I’ve been involved in the funeral business long enough to see the State of Minnesota move, in what I consider a more consumer friendly way, in respect to the business of preneed. I can go back to the 1980’s when we were only allowed to put a consumer’s designated funeral funds into a bank guaranteed certificate of deposit.
I’ve seen the preneed movement in our state then go to insurance sold by designated agents not affiliated with funeral homes to, what I believe is a better system today, whereby funeral homes can own insurance agencies and their funeral home employees can be licensed insurance agents and receive a commission for the sale of such policies to the consumer.
While it is nice to receive the commissions to be able to cover the cost of the program for the funeral home, I believe that the biggest advantage of having funeral home agents involved as compared to general agents not affiliated with funeral homes is that the consumers now can get the information on types of funerals and the related costs directly from the source who will be providing those services. That has to be an advantage for consumers.
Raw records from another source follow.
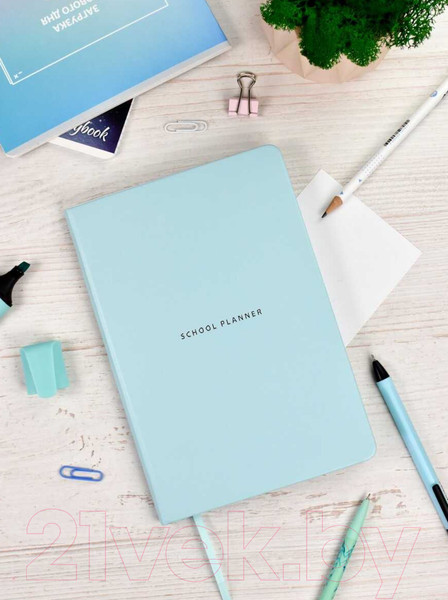 Изображение товара Планинг Феникс+ Плонже / 66490 (мятный)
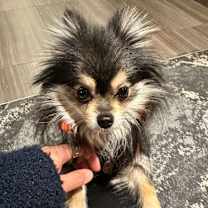 Thumbnail photo of Cinder #3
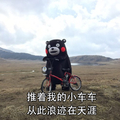 熊本熊 自行车 蓝天 从此流浪在天涯
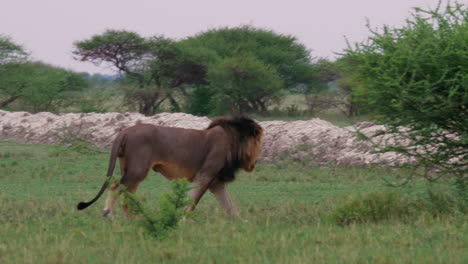 León-De-Melena-Negra-Caminando-Sobre-El-Campo-De-Hierba-En-Nxai-Pan-En-Botswana-Hacia-La-Planta-De-Arbusto-Verde---Toma-Panorámica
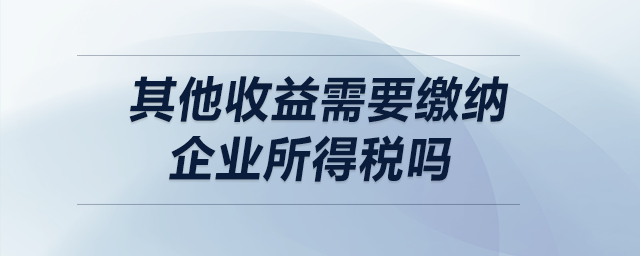 其他收益需要繳納企業(yè)所得稅嗎,？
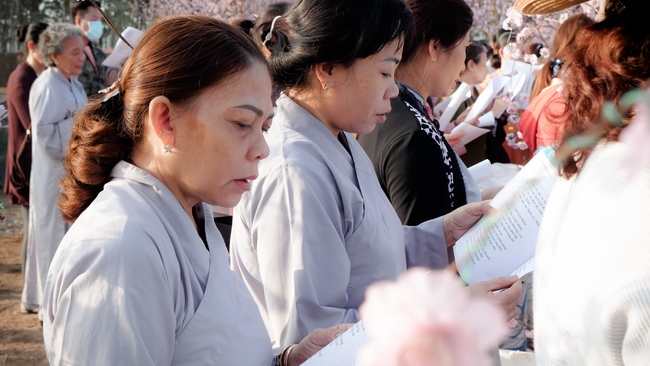 Chùm ảnh mồng năm Tết tại chùa Tây Pháp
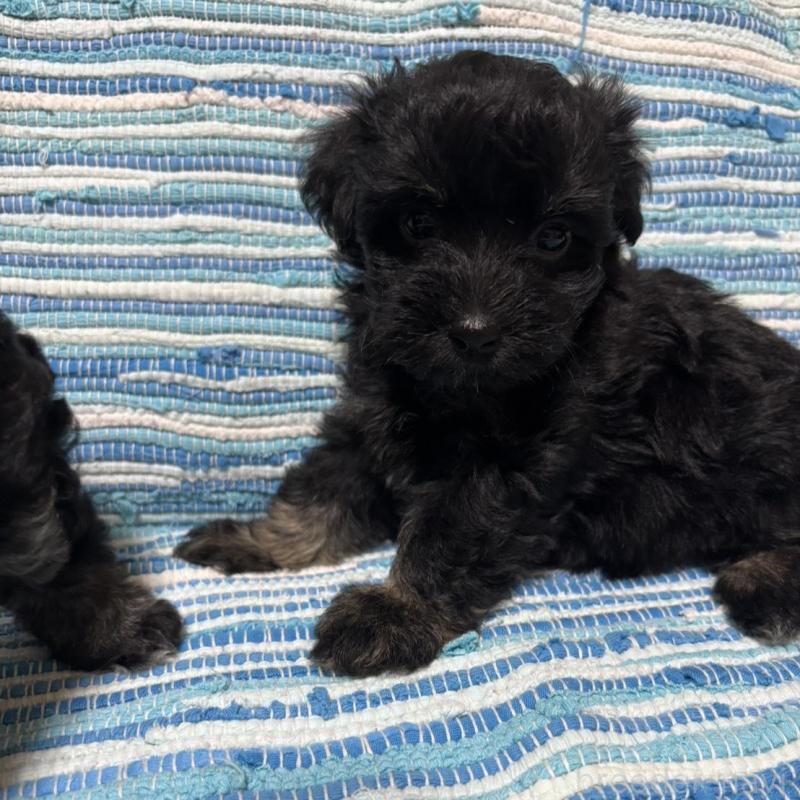 販売中の宮崎県のマルプー:マルチーズ×トイプードル-423544の6枚目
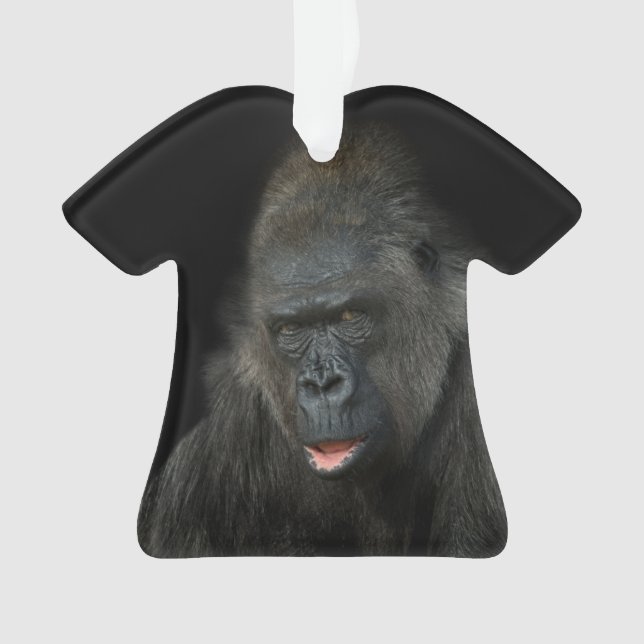 Gorilla Biddy (devant)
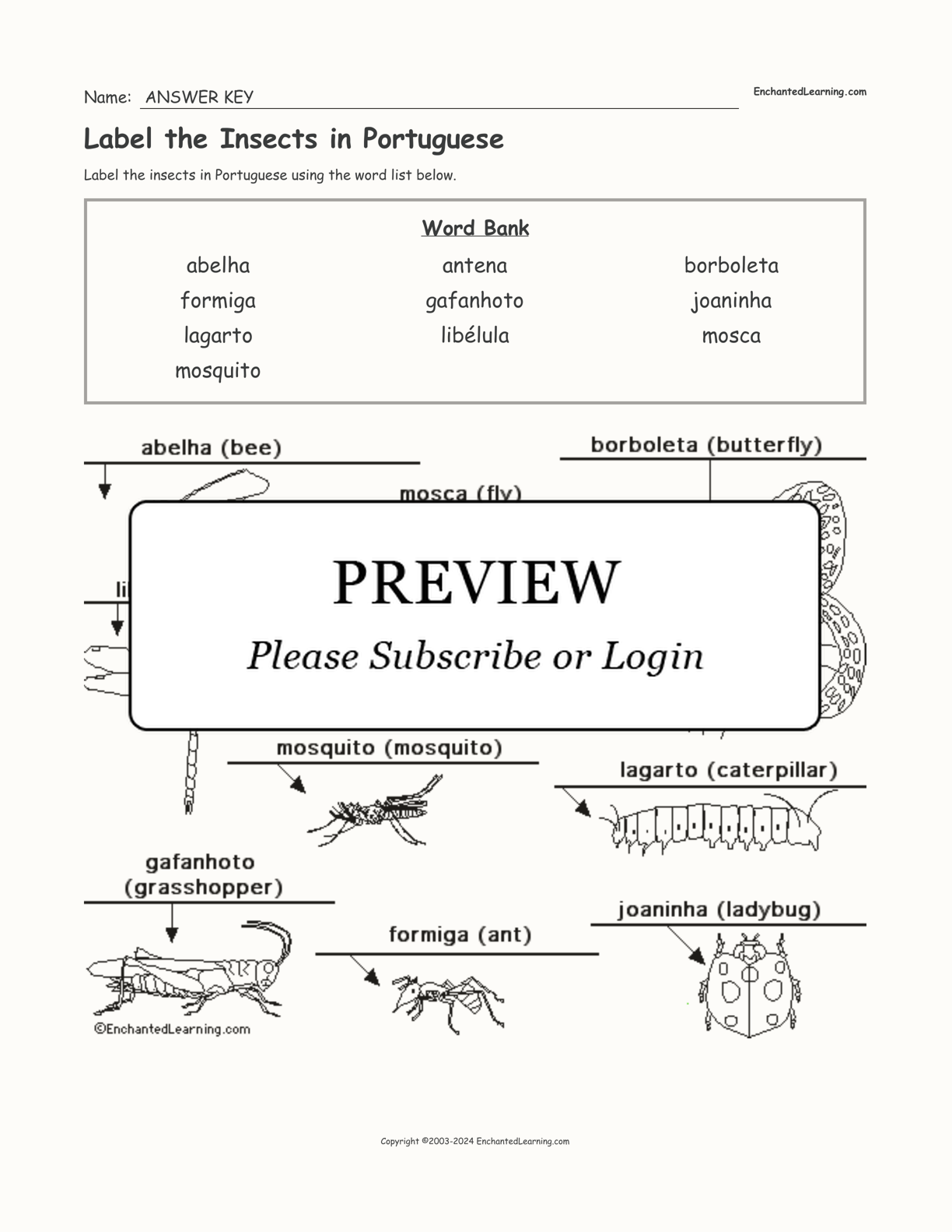 Label the Insects in Portuguese interactive worksheet page 2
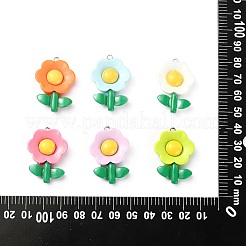 30pcs 6 couleurs pendentifs en résine opaque&nbsp;RESI-CJ0003-08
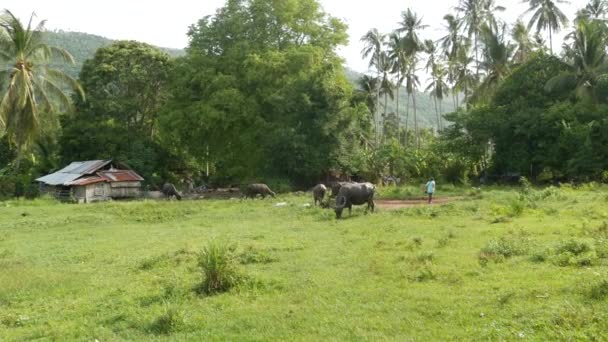 Vista lateral de búfalos asiáticos grises sanos que se alimentan de pastos con hierba verde y jugosa rodeados de árboles brillantes. Paisaje típico de Tailandia. Concepto de agricultura, ganadería tradicional en Asia. — Vídeos de Stock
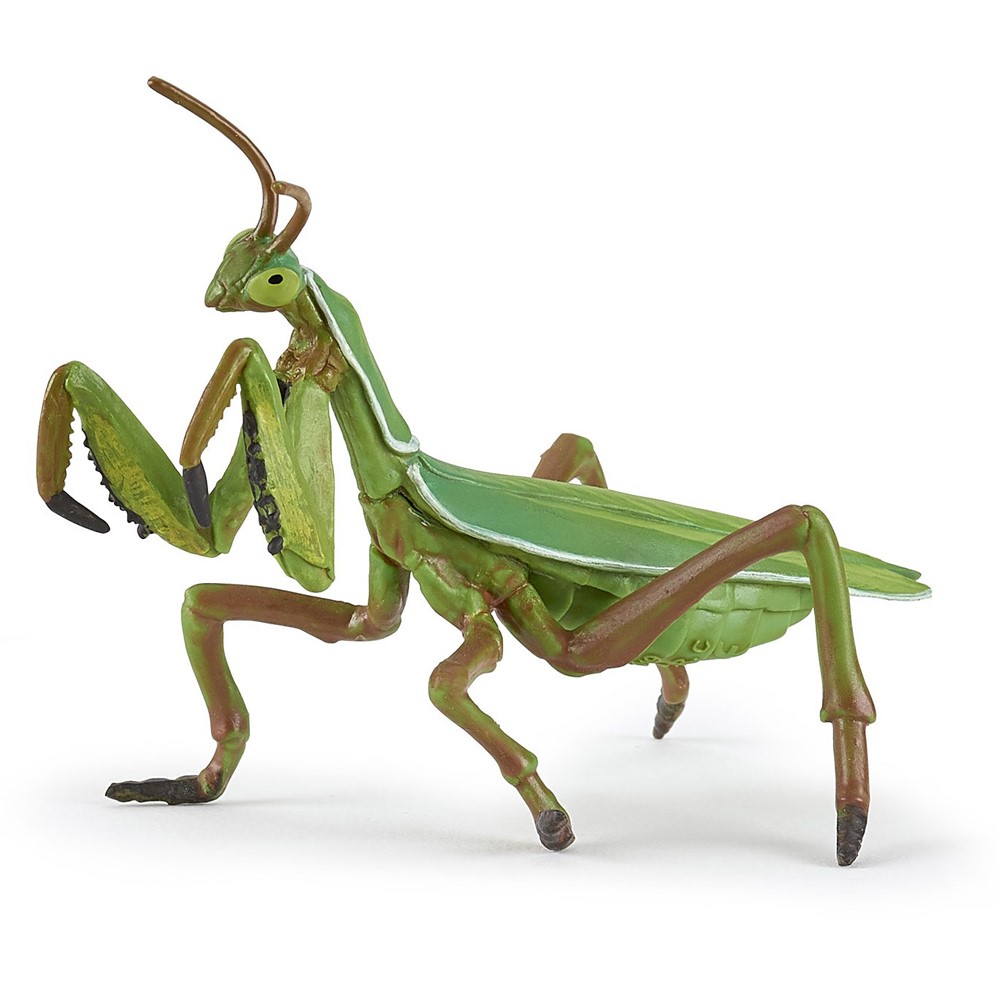 Praying Mantis PAPO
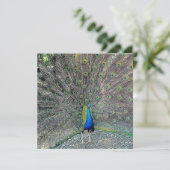 豪華: きらめく5.25"をx 5.25"招待状真珠で飾って下さい 招待状 (スタンド正面)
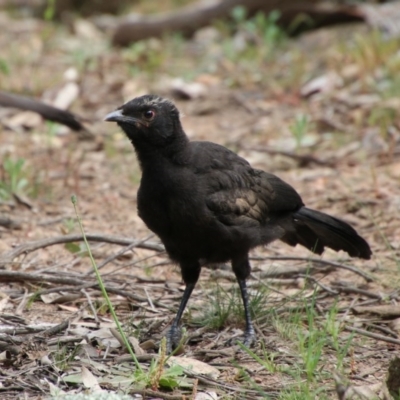 Corcorax melanorhamphos (White-winged Chough) at Red Hill Nature Reserve - 19 Sep 2020 by LisaH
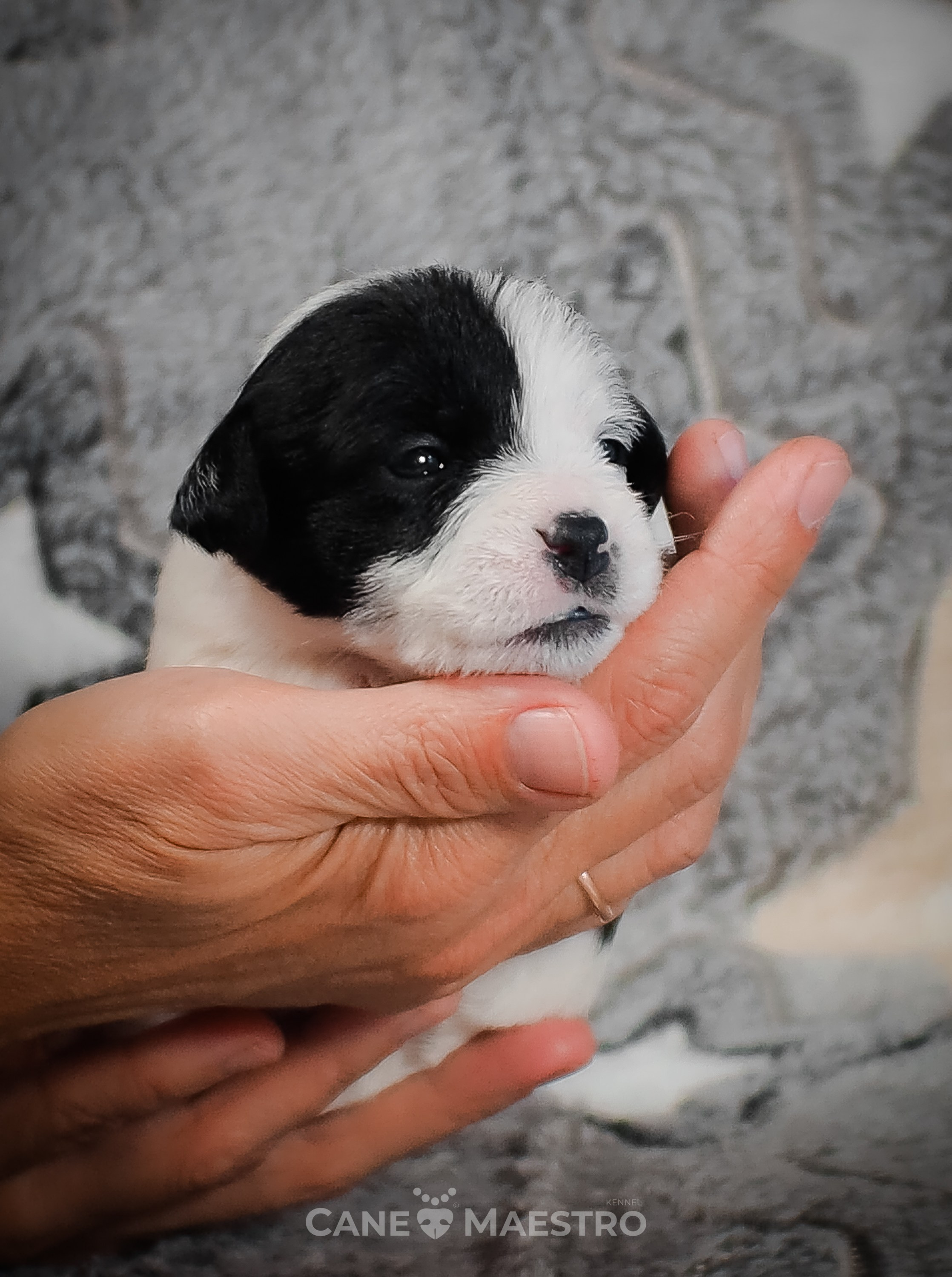 КОБ_Z_2_BLACK_27_08_2025. CANE MAESTRO — kennel Jack Russell Terrier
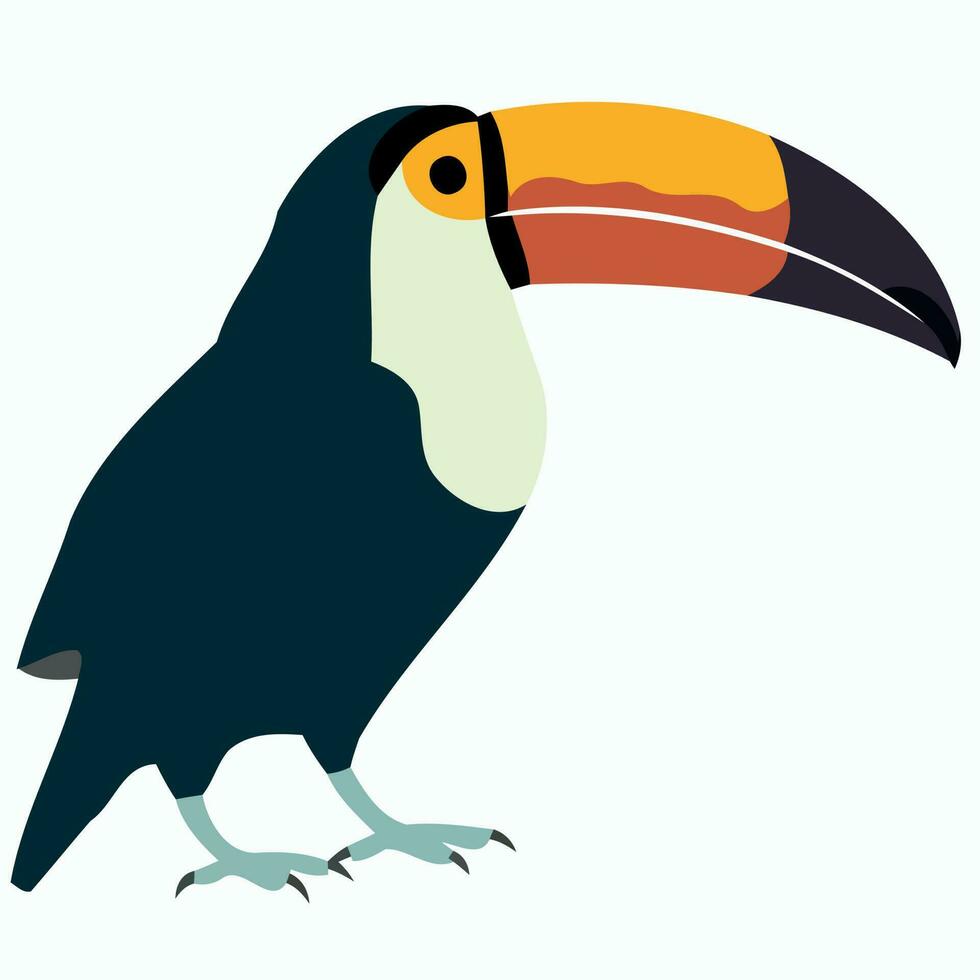 animal bird toucan standing vector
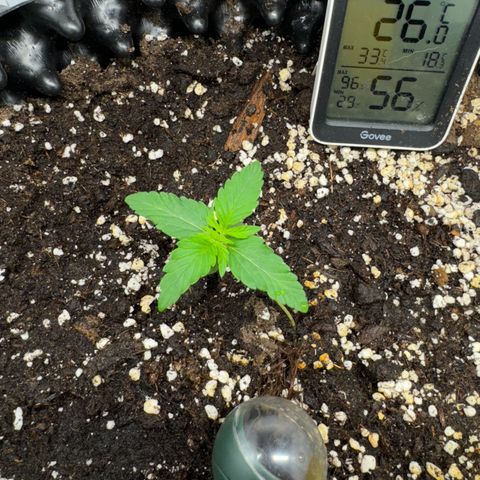 Mimo - Die 1. growlog timeline photo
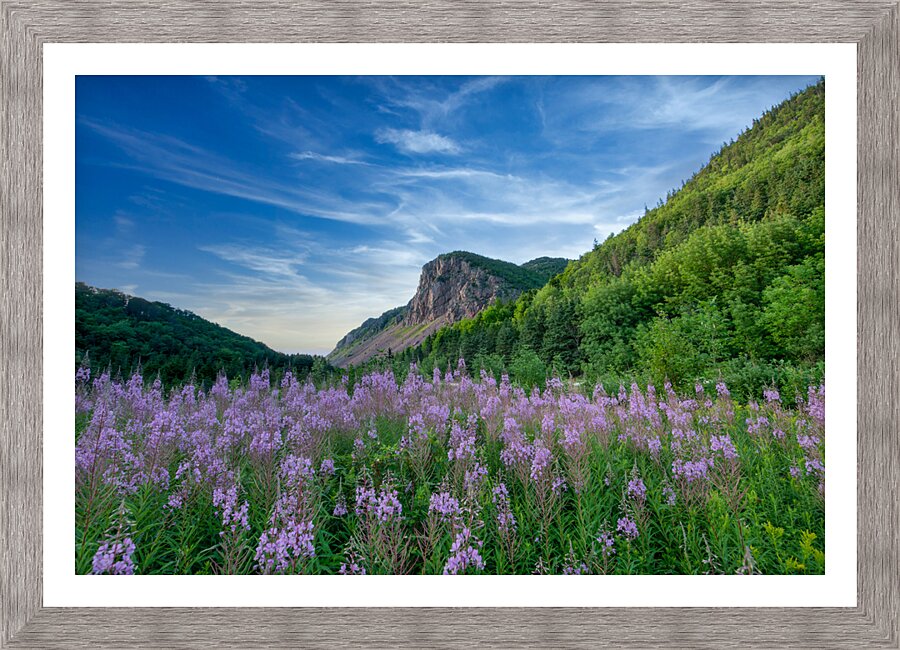 Fireweed at La Grand Falaise Picture Frame print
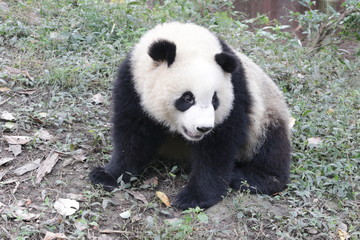 Obraz premium Little Panda Cub in the Playground, China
In 2001, I took advantage of these, then new laws in the State of Minnesota. I became a licensed insurance agent, started an agency, and had some appointments of employee/agents under the agency. Funeral directors who now were also agents were able to sit down with consumers and discuss funeral costs and a way to insure that those costs could be paid at a later date. I think it was, and continues to be, a win-win situation for the funeral business and the consumer.
I bring this information up today because I found this public relations article about an Oklahoma site for seniors to get “Burial Insurance” quotes. Without looking much further into it than looking at the web-site offered, it appears to me that the term “Burial Insurance” connotates the impression to those that may look into this insurance that this funding will pay for the consumer’s funeral.
In contrast, it looks to me like it is a site for what I would term “Final Expense” insurance and the the cost of a funeral is, if at all arrived at, arrived at only by guesstimate. It appears that the insurance, at the time of death, would be paid to a beneficiary that would then be expected to pay for the deceased’s final expenses which would include funeral expenses.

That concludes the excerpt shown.